Algorithmic construction of local models for entangled quantum states: optimization for two-qubit states

TL;DR

This paper improves an algorithm for constructing local models of entangled two-qubit quantum states, enabling near-optimal and analytical models for specific states, advancing understanding of quantum correlations.

Contribution

It develops an optimized implementation of a local model construction algorithm, specifically tailored for two-qubit states, including analytical solutions.

Findings

Successfully constructed near-optimal local hidden state models for Bell diagonal states.

Developed a ready-to-use optimized procedure for two-qubit states.

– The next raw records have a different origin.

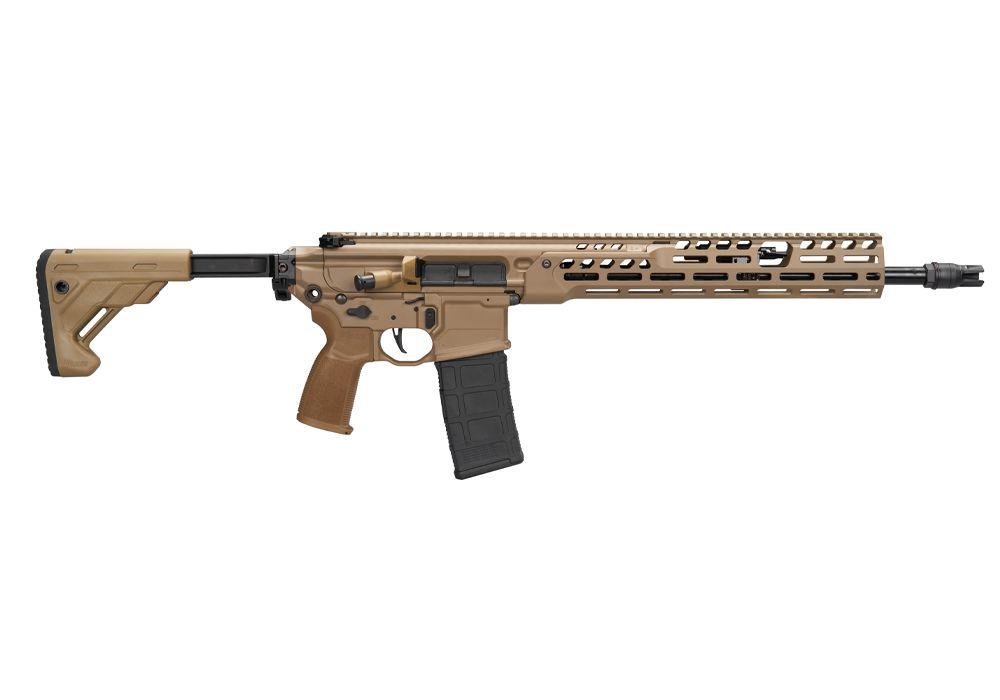SIG SAUER OFF-DUTY MCX Spear-LT 223 Rem | 5.56 NATO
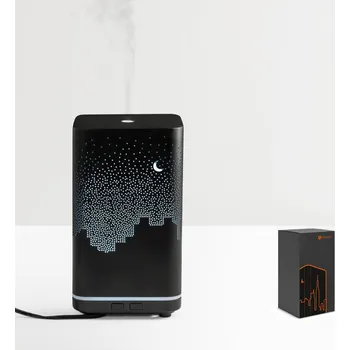 Aroma difuzér BURMY. Aroma difuzér z PP, ABS a kovu 1 bez potisku bez potisku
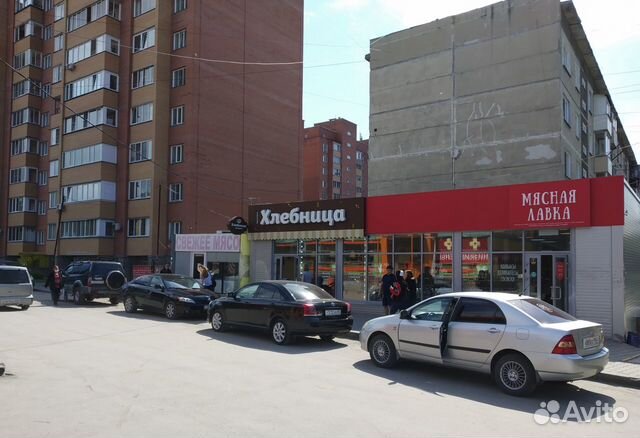 Торговое помещение, 213 м²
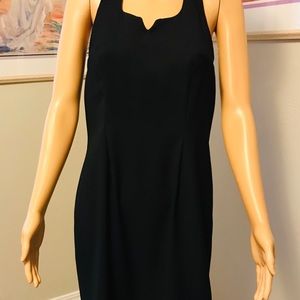 GREAT PARTY DRESS EUC CDC Petite Halter cocktail dress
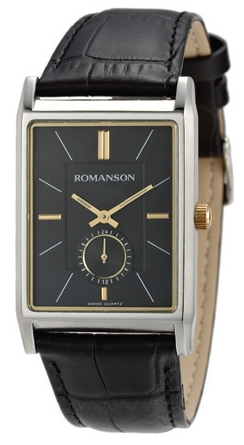 Ceas de mână Romanson TL3237JMC BK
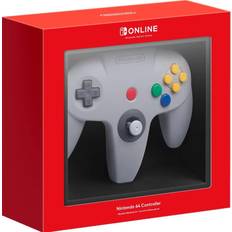 Nintendo switch controller Game Controllers Nintendo switch 64 online controller grey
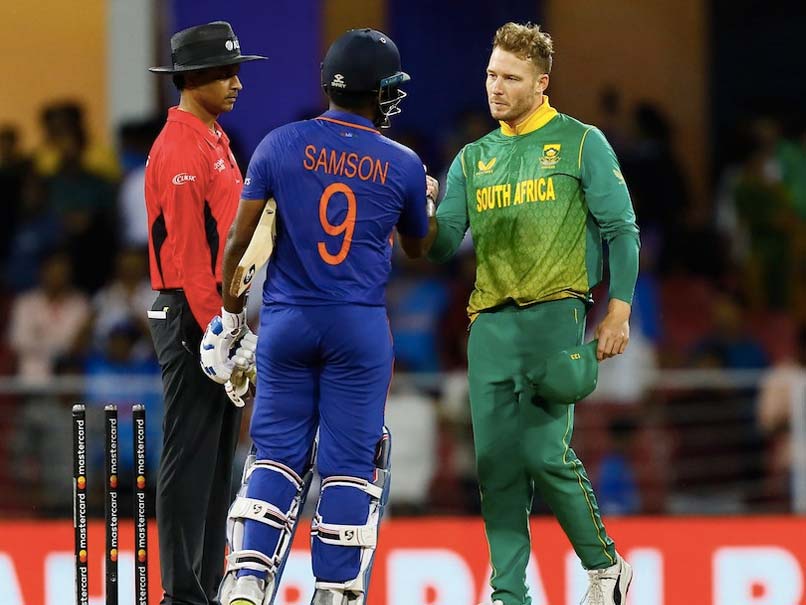 India Vs South Africa 3rd ODI: Sanju Samson’s Unbeaten 86 Not Enough As India Lose To SA By 9 Runs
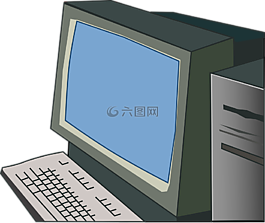 計算機(jī),服務(wù)器,監(jiān)視器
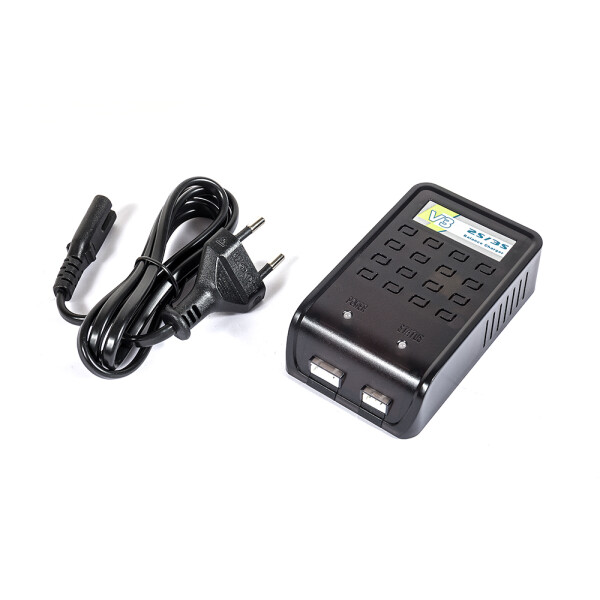 V3 Li-Po/Li-Fe 2S / 3S Balance Charger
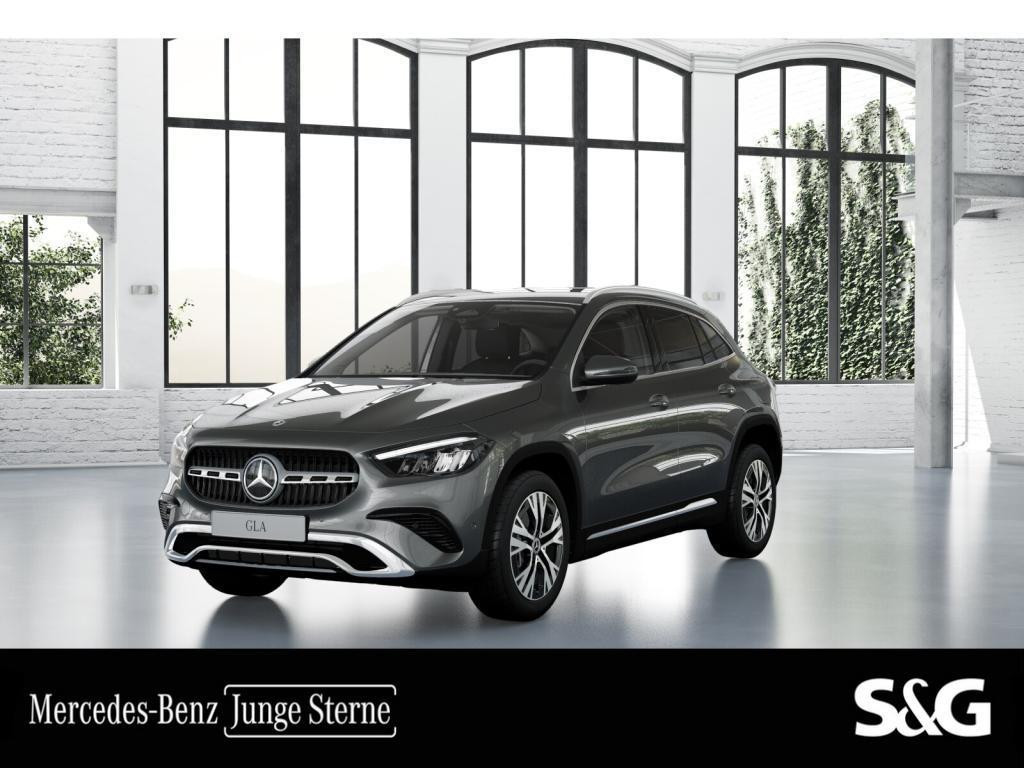 Mercedes-Benz GLA-Klasse GLA 220 4MATIC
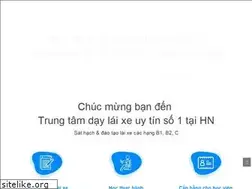 Sites similar to daotaolaixeoto.com.vn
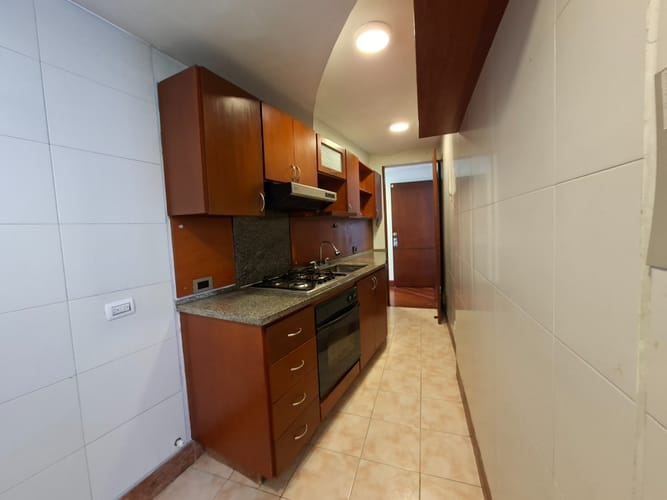 Apartamento en venta en Los Cedros, Bogotá · foto 10 de 24
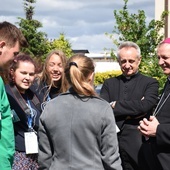 Dzień wspólnoty w Sychowie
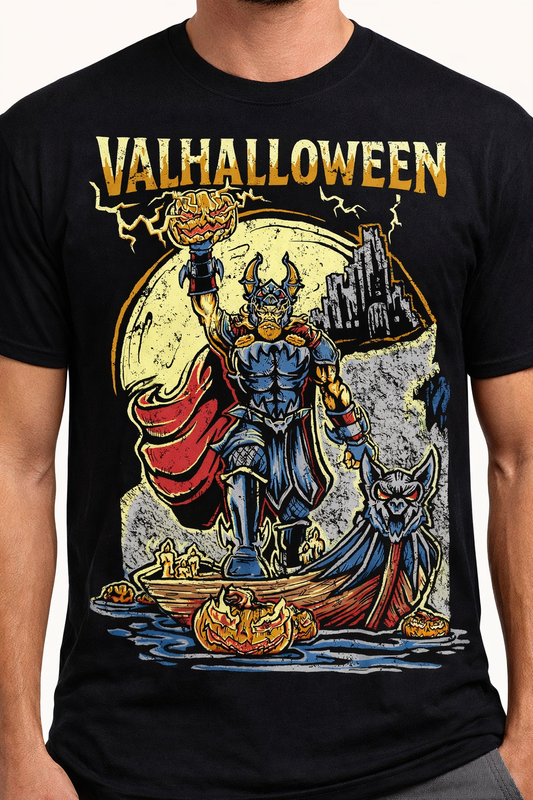 ValHalloween Shirt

Provided methods to derive fully analytical local models from convex optimization outputs.

Abstract

The correlations of certain entangled quantum states can be fully reproduced via a local model. We discuss in detail the practical implementation of an algorithm for constructing local models for entangled states, recently introduced by Hirsch et al. [Phys. Rev. Lett. 117, 190402 (2016)] and Cavalcanti et al. [Phys. Rev. Lett. 117, 190401 (2016)]. The method allows one to construct both local hidden state (LHS) and local hidden variable (LHV) models, and can be applied to arbitrary entangled states in principle. Here we develop an improved implementation of the algorithm, discussing the optimization of the free parameters. For the case of two-qubit states, we design a ready-to-use optimized procedure. This allows us to construct LHS models (for projective measurements) that are almost optimal, as we show for Bell diagonal states, for which the optimal model has recently been derived. Finally, we show how to construct fully analytical local models, based on the output of the convex optimization procedure.